China stunned the world's financial markets yesterday by devaluing the yuan for a second straight day, triggering fears that the world's second-largest economy is in worse shape than believed.

Mr Ron Ang, co-founder of Absolute Liquor, said the firm has not gained from the weaker yuan as it pays China suppliers in US dollars.

It imports beer and holds the sole distributorship for Chinese beer brands Pearl River and Cheerday. The stronger US dollar means its China imports are more expensive.

  • MAS ready to curb Singdollar volatility

  • The Monetary Authority of Singapore (MAS) stands ready to curb excessive volatility in the Singdollar after the devaluation of the yuan. The central bank said yesterday the Singapore dollar has stayed in its policy band despite higher foreign exchange market volatility.

    The current policy of modest, gradual Singdollar appreciation against a basket of currencies "remains appropriate from the perspective of overall macro economic conditions", the MAS added.

    The yuan has fallen about 0.8 per cent against the Singdollar since Tuesday's first devaluation. The weaker yuan could dampen China's demand for imports from here and slow a rebound in tourist arrivals from China, the Ministry of Trade and Industry said.

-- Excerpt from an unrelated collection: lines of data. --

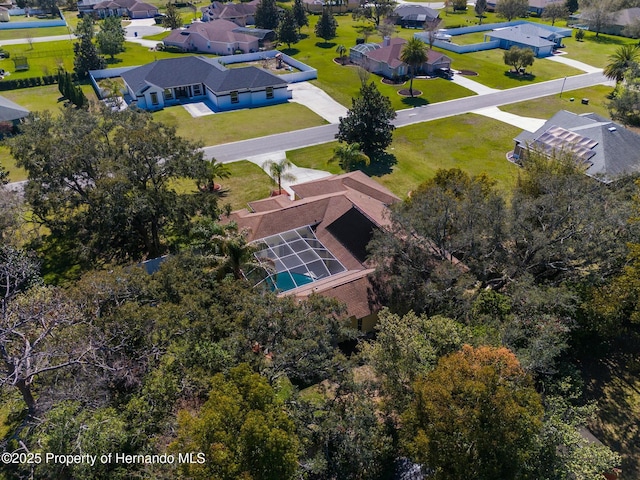 drone / aerial view featuring a residential view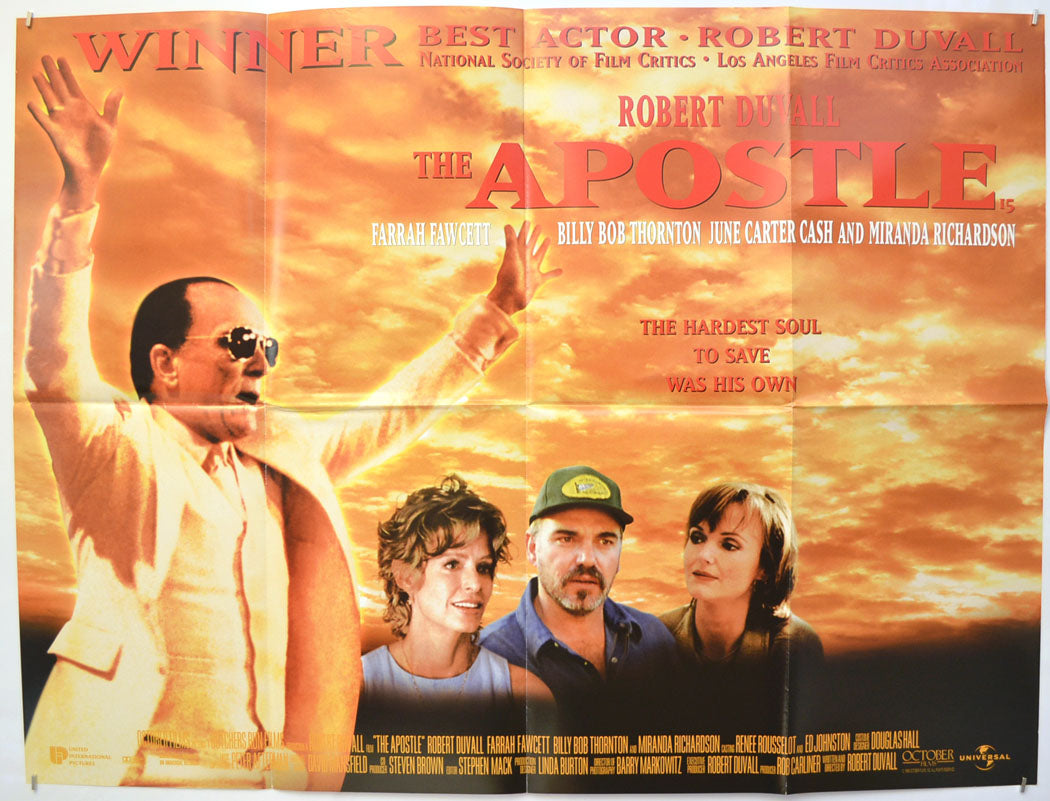 The Apostle  Original Quad Poster - Film Poster - Movie Poster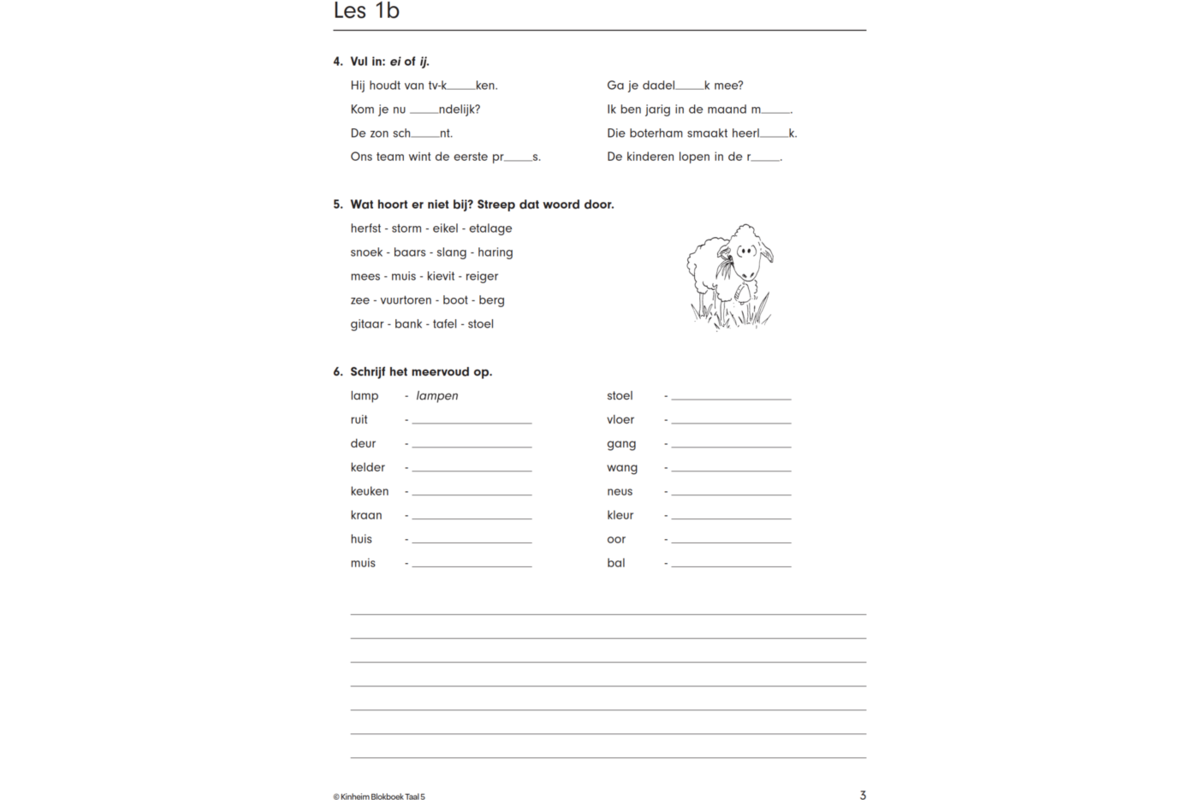 Blokboek taal groep 5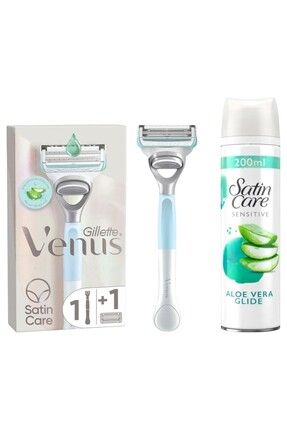 Bikini Bölgesi Tıraş Makinesi Gillette Venus Satin Care Aloe Vera Jel Image 0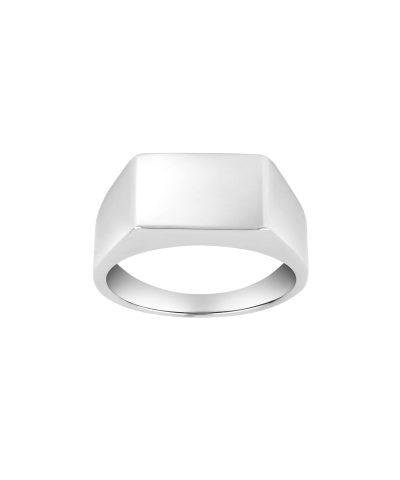 Rhod. sølvring plate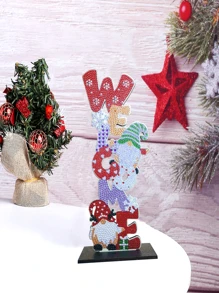 4 bức tranh Gnome Pattern DIY Diamond Unframed - Nhiều màu - Xem 2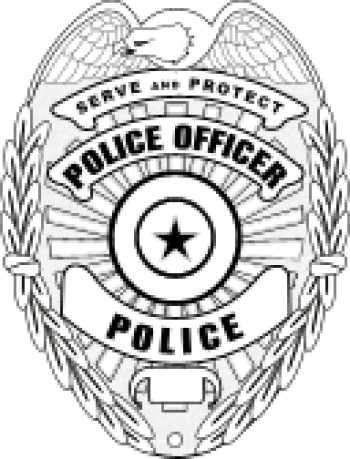 350x459 Download Police Badge Black And White Clipart Badge Police Clip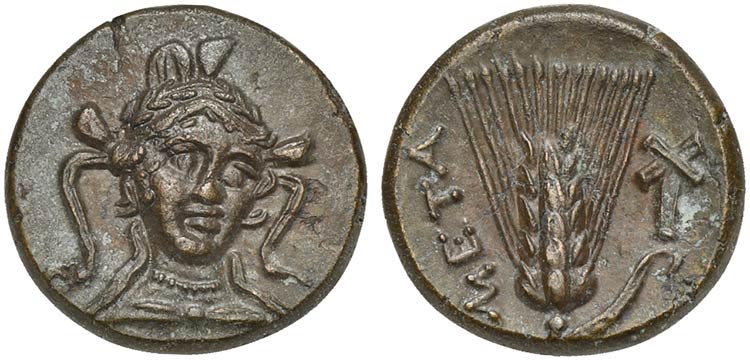 Lucania, Metapontion, Bronze, ca. ...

    But as the depreciation has been small so far, the impact on exports and tourist arrivals is likely to be contained, a spokesman said.

    Chia Yan Min

One US dollar could buy about S$1.41 yesterday, from about S$1.37 at the start of this year.

The strengthening greenback has led to higher costs and the firm may have to increase prices by the year end if it keeps appreciating against the Singdollar, Mr Ang said.

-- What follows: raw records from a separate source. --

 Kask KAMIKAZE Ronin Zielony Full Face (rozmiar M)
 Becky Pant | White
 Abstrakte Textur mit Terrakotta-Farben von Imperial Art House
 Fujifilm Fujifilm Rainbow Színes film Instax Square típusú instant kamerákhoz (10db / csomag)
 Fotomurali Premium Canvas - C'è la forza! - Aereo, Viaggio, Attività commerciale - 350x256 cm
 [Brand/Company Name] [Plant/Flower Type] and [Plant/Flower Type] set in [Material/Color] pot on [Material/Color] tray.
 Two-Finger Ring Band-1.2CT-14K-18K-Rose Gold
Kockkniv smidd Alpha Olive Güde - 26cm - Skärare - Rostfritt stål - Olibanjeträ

"Beer companies which import from overseas and deal in US dollars are being affected. We haven't moved prices up yet, but once a few brands start doing so, everyone will."

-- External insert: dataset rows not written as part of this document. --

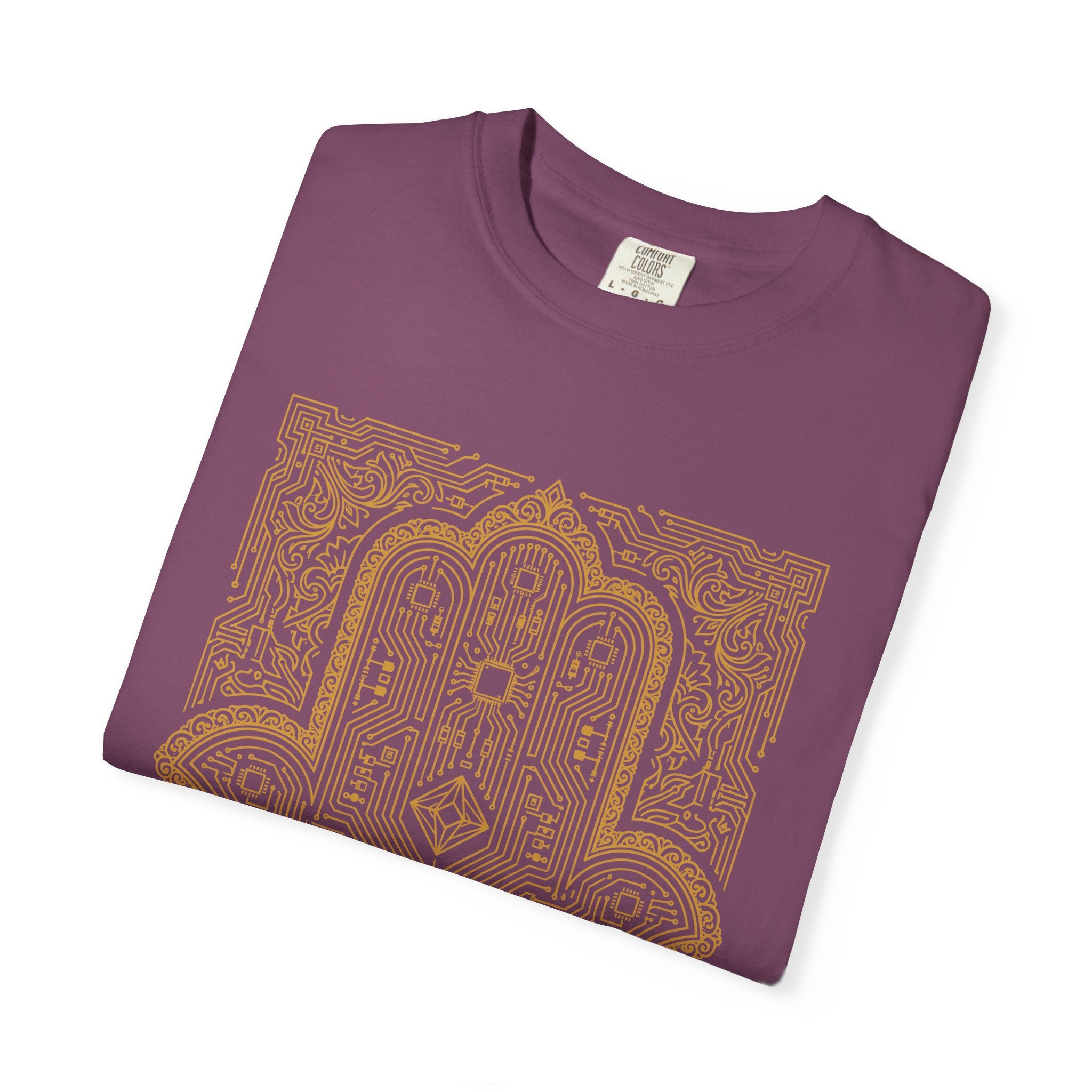 Sacred Circuit Hamsa Divine Protection Comfort Colors® Unisex T-Shirt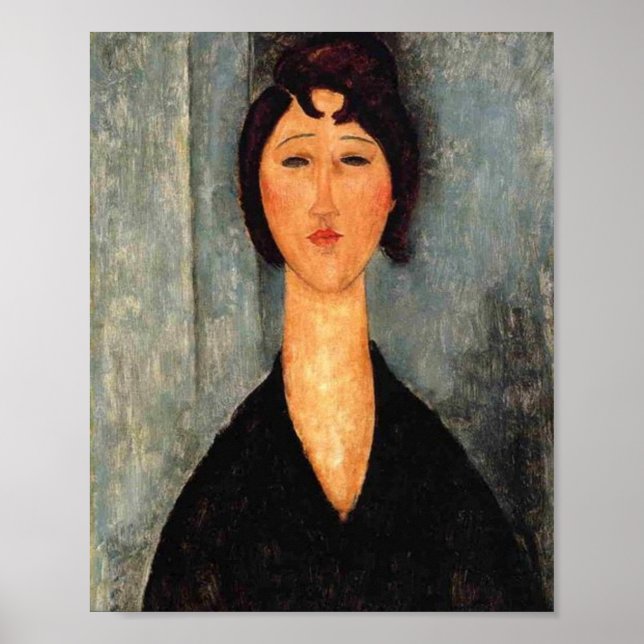 Portrait of Woman Modigliani Poster (Front)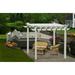 Vita 6.5 x 6.5 Portland White Vinyl Pergola VA64998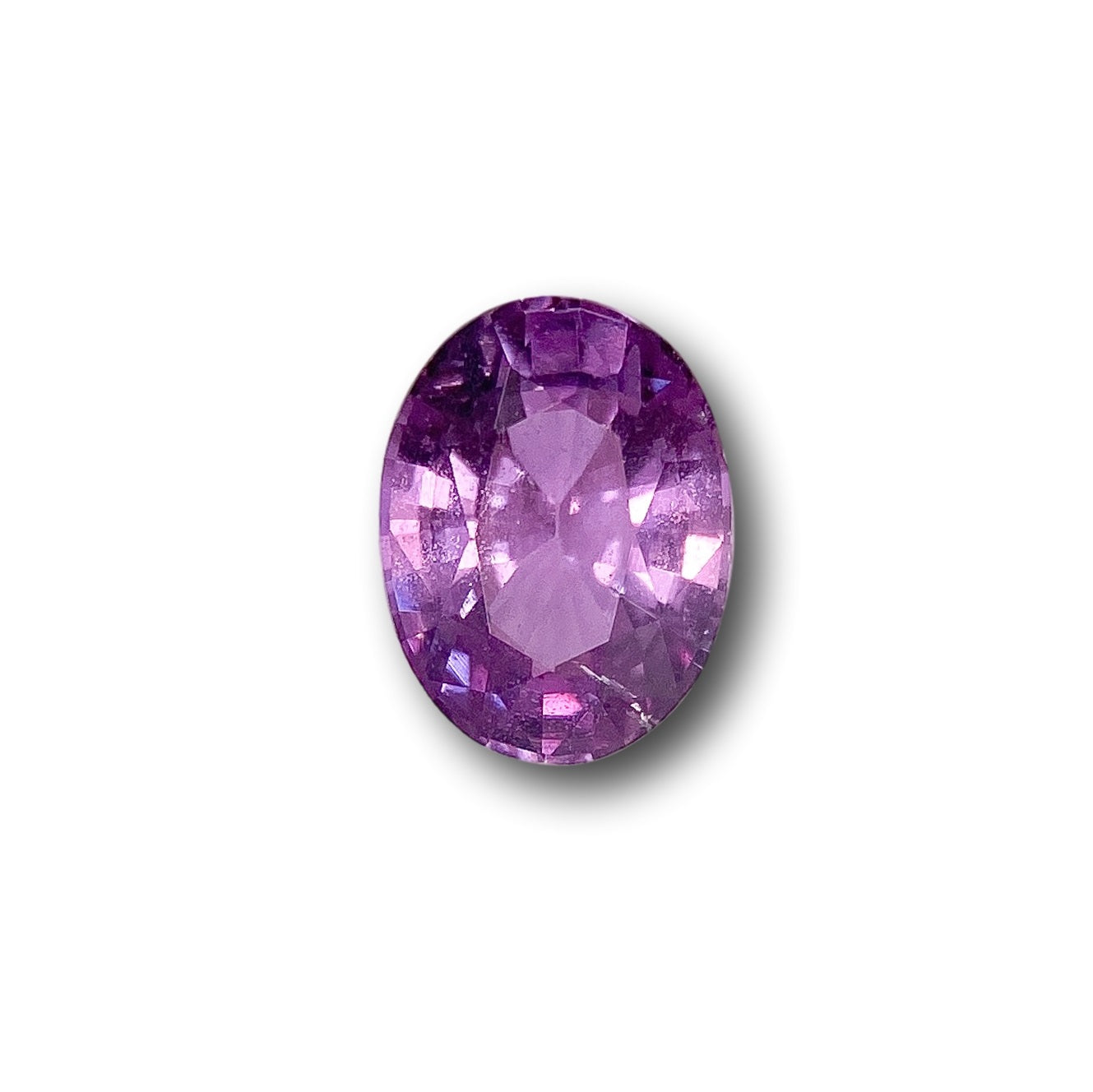 1.20ct | Brilliant Cut Oval Shape Violet Sapphire-Modern Rustic Diamond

Interior furnishings firm Goodrich Global's chief executive Chan Chong Beng said it sells to China in yuan, but imports goods for sale in China using US dollars.

"Obviously the weaker yuan (and stronger dollar) don't help us because our costs become higher and our revenue is also worth less," Mr Chan said, adding that China makes up about 40 per cent of the company's revenue.

Even if trades with China were in yuan instead of US dollars, Aldon Technologies group managing director Allen Ang said the firm would not be worried about competing with Chinese exporters.

"To be frank, (the Chinese) are only good in their own domestic market. They don't have the capability to export what we are exporting," said Mr Ang.

The firm refurbishes process kits and parts for flat panel and semiconductor manufacturers.

Mr Ang said his Chinese customers are "begging" him to trade in yuan to spare them losses. "If they use the US dollar, their risk is higher than ours."

DBS Group Research analyst Derek Tan said that, even before the recent moves to devalue the yuan, the slowing Chinese economy had already hit listed Singapore firms in sectors such as retail and residential property.

The weaker Chinese currency will have the greatest impact on the revenues of companies which derive a larger portion of income from China, he noted.

Bosses say they remain optimistic about China's long-term prospects but are bracing themselves for further falls in the currency.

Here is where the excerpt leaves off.